Kararı, vicdani ret hakkı açısından kritik bir dönüm noktası olarak değerlendiren Kanatlı, “Karar, zorunlu askerlik sürecini, askerlik sonrası seferberlik durumlarını ve dini ya da siyasi nedenlerle vicdani reddin bir insan hakkı olarak tanınmasını kapsayan bir süreçte alınmıştır. Savaşın yükseldiği bir dönemde İsrail, Ukrayna, Belarus ve Rusya’da binlerce insan seferberliğe çağrılırken, bu karar vicdani ret hakkının bir insan hakkı olarak tescillenmesi açısından önemli bir dönüm noktasıdır” dedi.

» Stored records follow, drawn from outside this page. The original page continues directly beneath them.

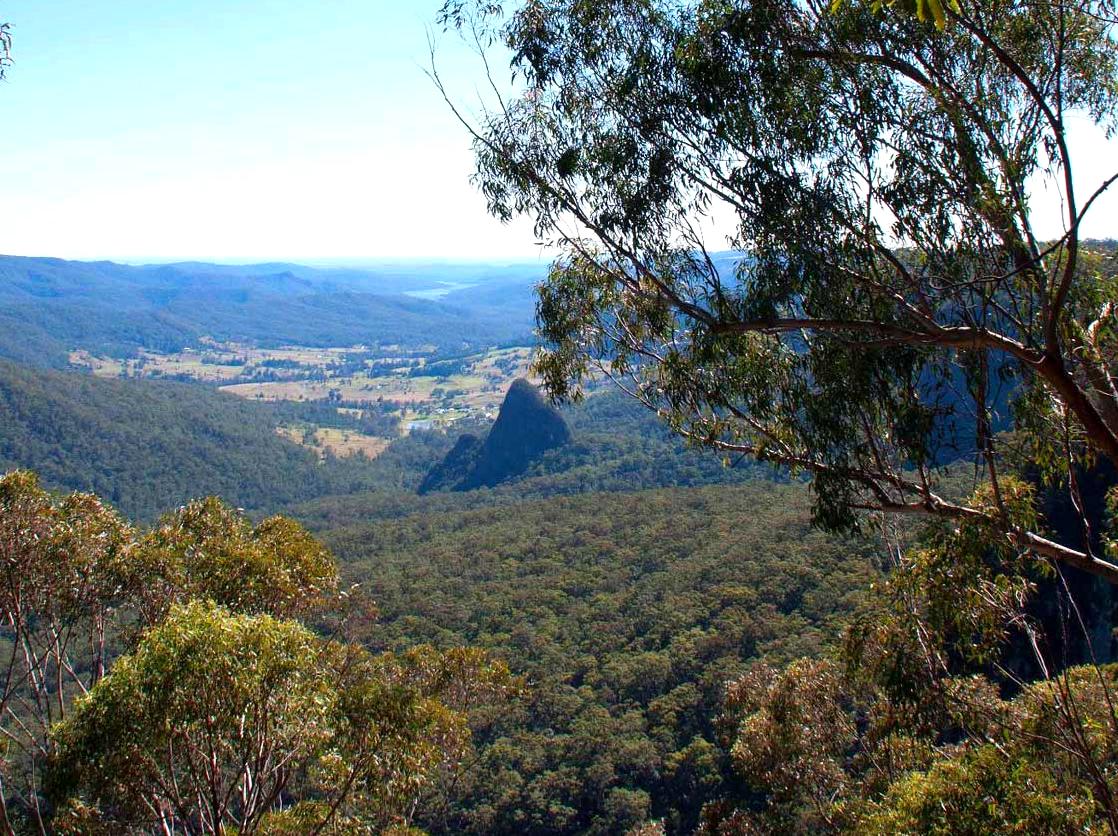 design2photo | Bellbird Lookout: Birdwatching and views from Bellbird Lookout.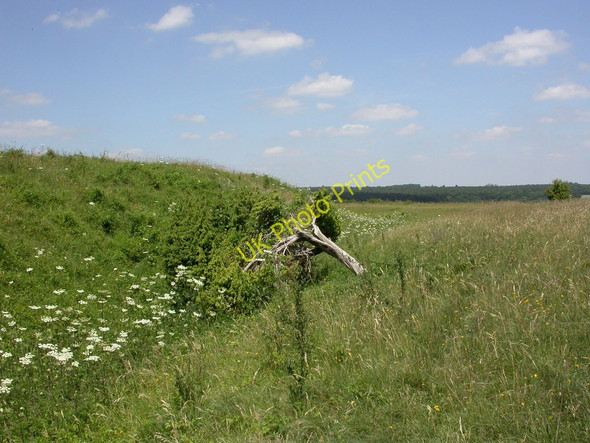 Photo 6"x4" Martin Down, juniper tree Martin\/SU0619 c2010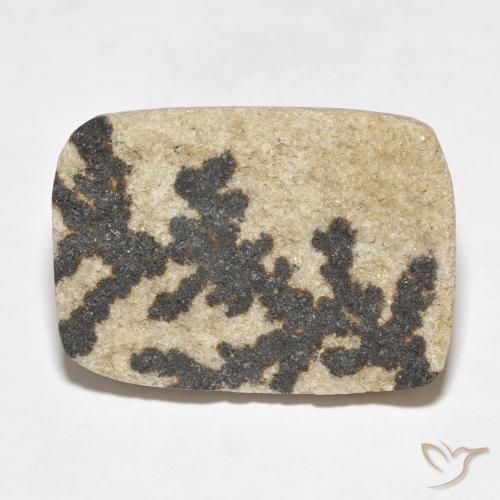 18.24ct 자연스러운 다색 실로멜란 덴드라이트, 방석, 불투명체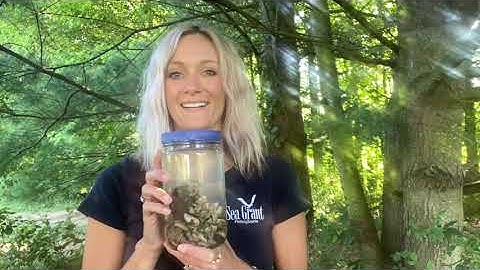 Introduction to Aquatic Invasive Species (AIS)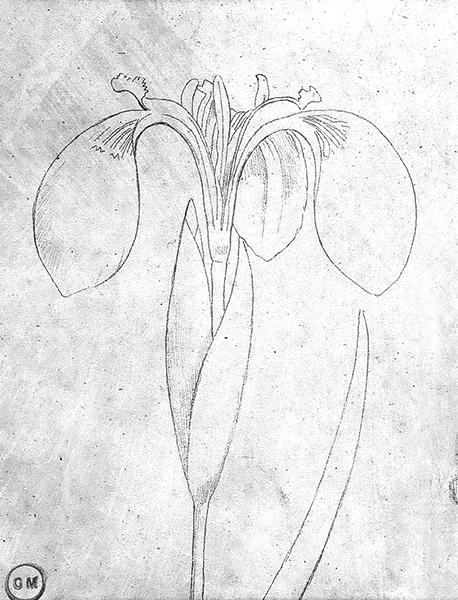 Cliquez pour fermer la fen&ecirc;tre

“VİCDANİ RET HAKKI MÜCADELESİ BİTMEDİ”
Kanatlı, Kıbrıs’ın kuzeyinde vicdani ret hakkı için verilen mücadelenin tanınmaması konusuna da dikkat çekti. Başsavcılık, polis ve ilgili makamların AİHM kararlarını tanımadığını belirten Kanatlı, “Meclise defalarca anlattık, yasa değişikliği önerisi sunduk, dinlemediler. Halil Karapaşaoğlu’nun davası bunun en somut örneği; AİHM’de bavurusu olmasına rağmen yeniden mahkûm oldu” diyerek sistemin çarpıklığını eleştirdi.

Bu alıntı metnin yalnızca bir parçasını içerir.